→ **Work to complete**
Each record below is to be retyped exactly, with its pictures omitted.

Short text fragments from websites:
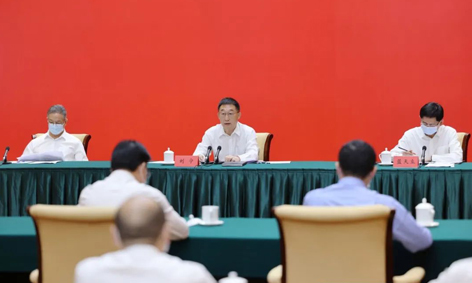 自治区党委召开学习贯彻习近平总书记在庆祝中国共产主义青年团成立100周年大会上的重要讲话精神座谈会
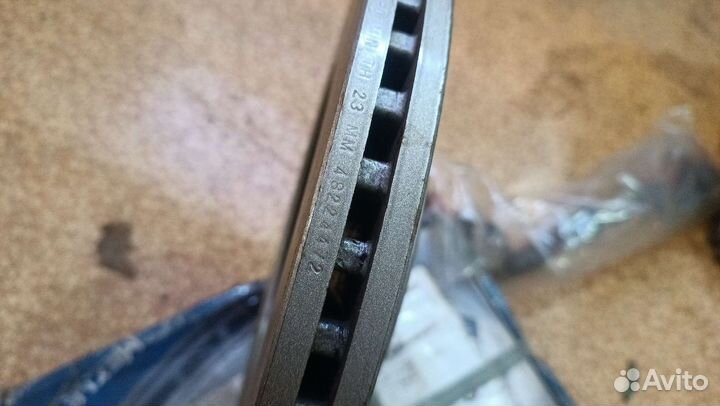 Тормозные диски переднии разболтовка 5 на 115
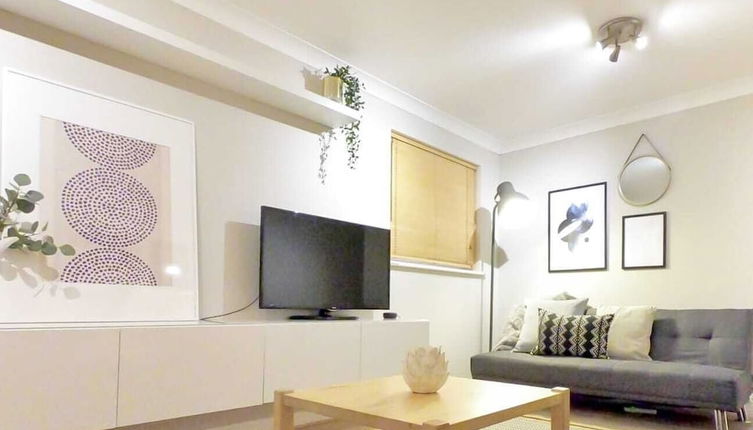 Photo 1 - Central Spacious & Stylish Apartment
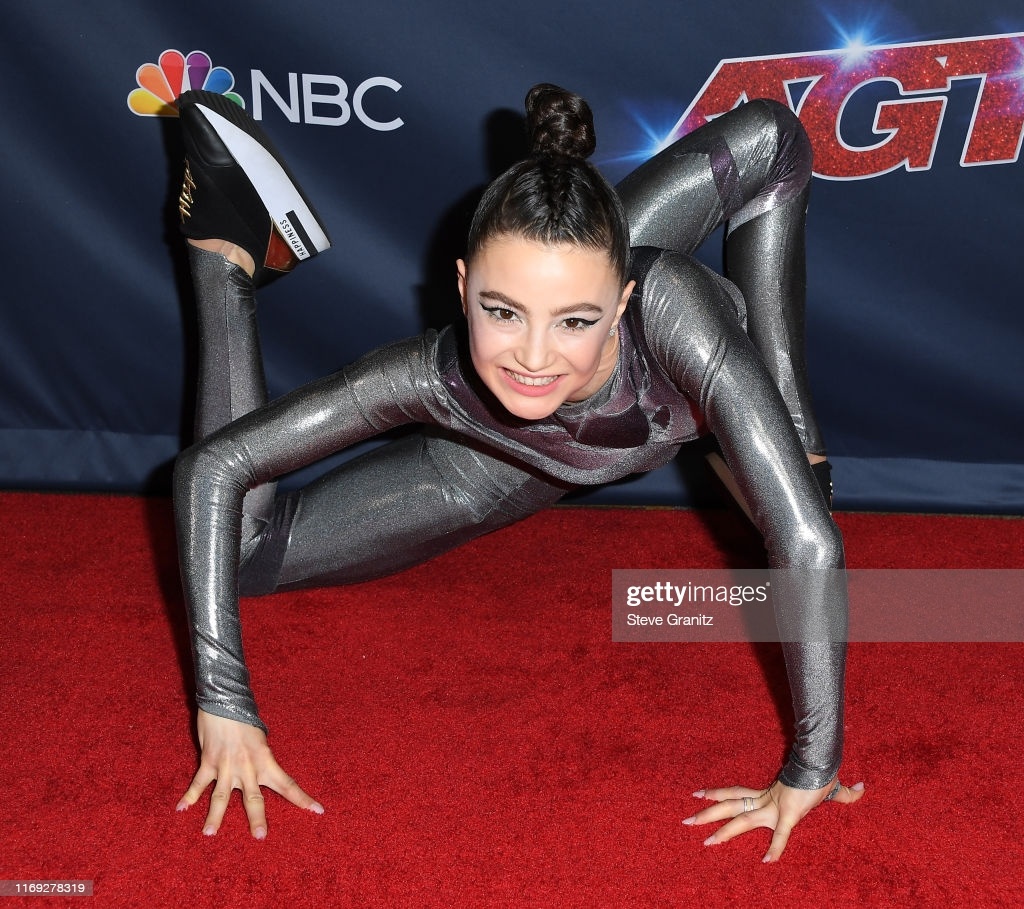 co gai chuyen dong phim kinh di anh 9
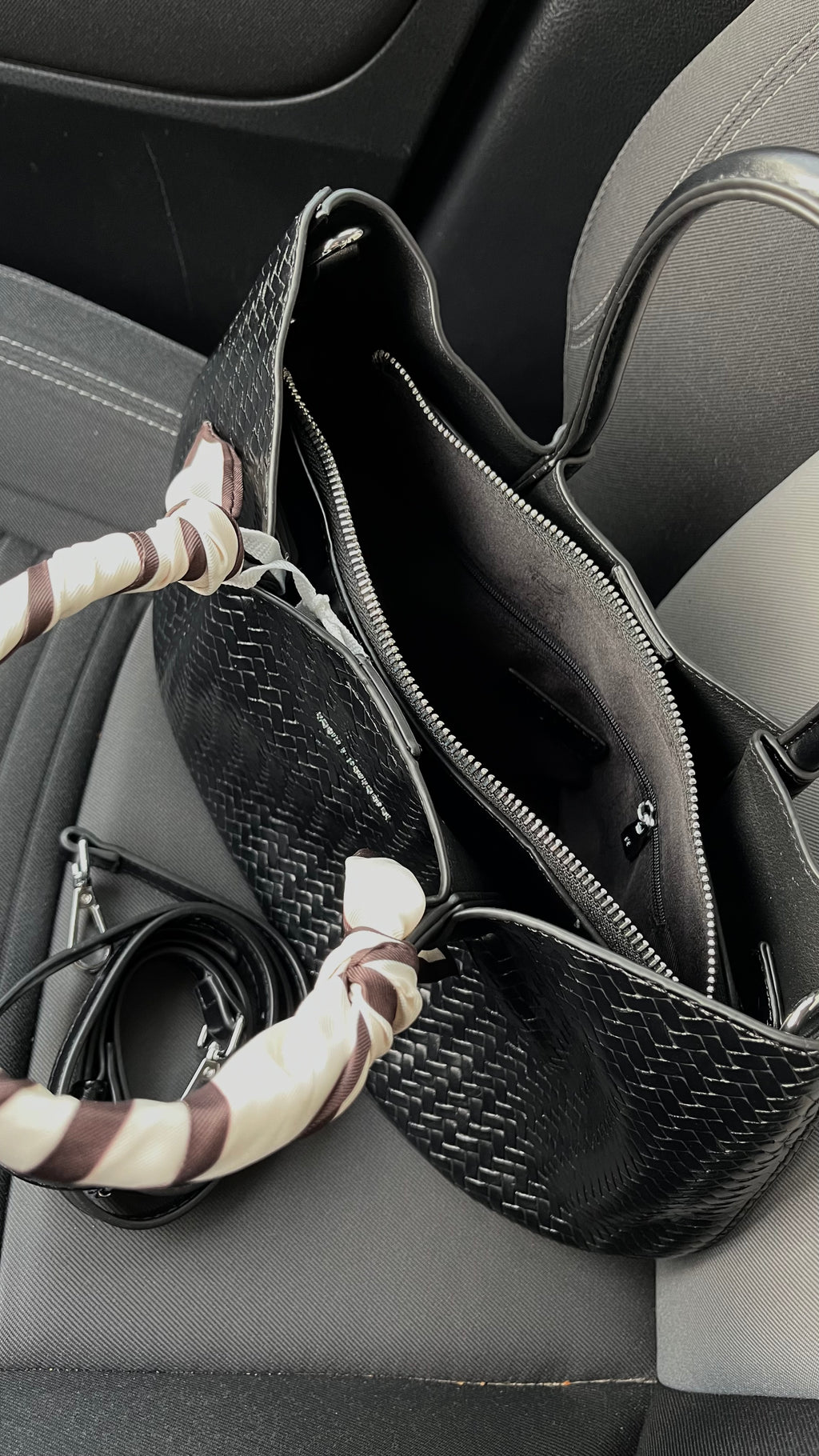 Santorini Black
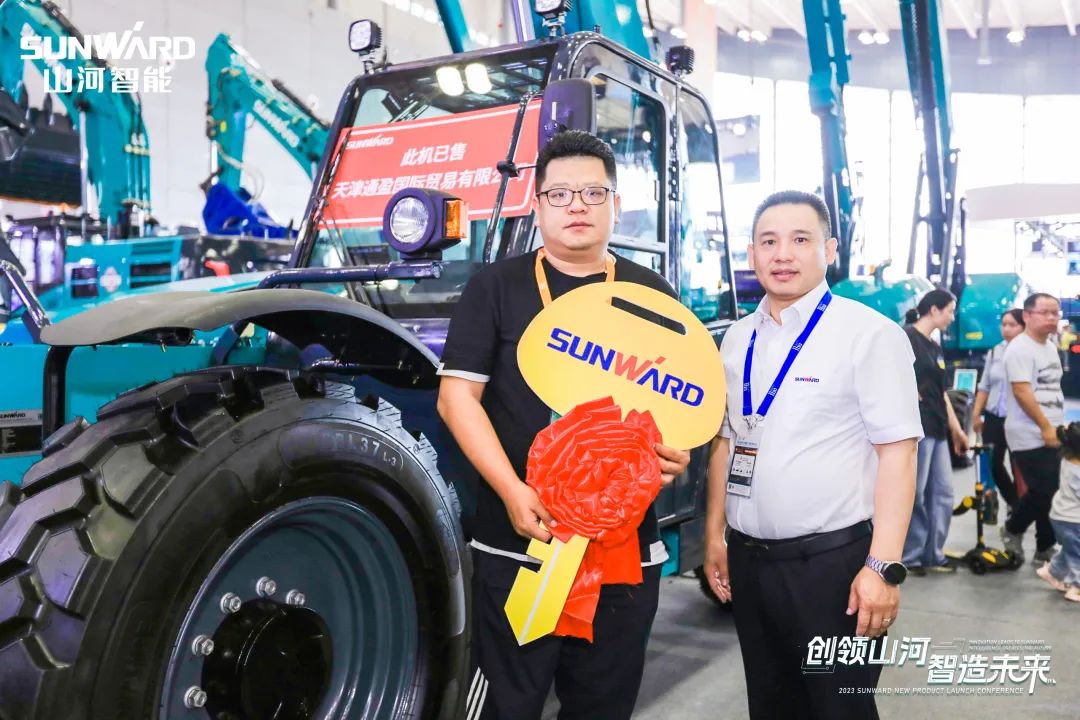 聚焦电动化、智能化！9001cc金沙以诚为本智能全系列高空机械产品亮相长沙展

→ **Reply**
 自治区党委召开学习贯彻习近平总书记在庆祝中国共产主义青年团成立100周年大会上的重要讲话精神座谈会
 Тормозные диски переднии разболтовка 5 на 115
 Photo 1 - Central Spacious & Stylish Apartment
 co gai chuyen dong phim kinh di anh 9
 Santorini Black
 聚焦电动化、智能化！9001cc金沙以诚为本智能全系列高空机械产品亮相长沙展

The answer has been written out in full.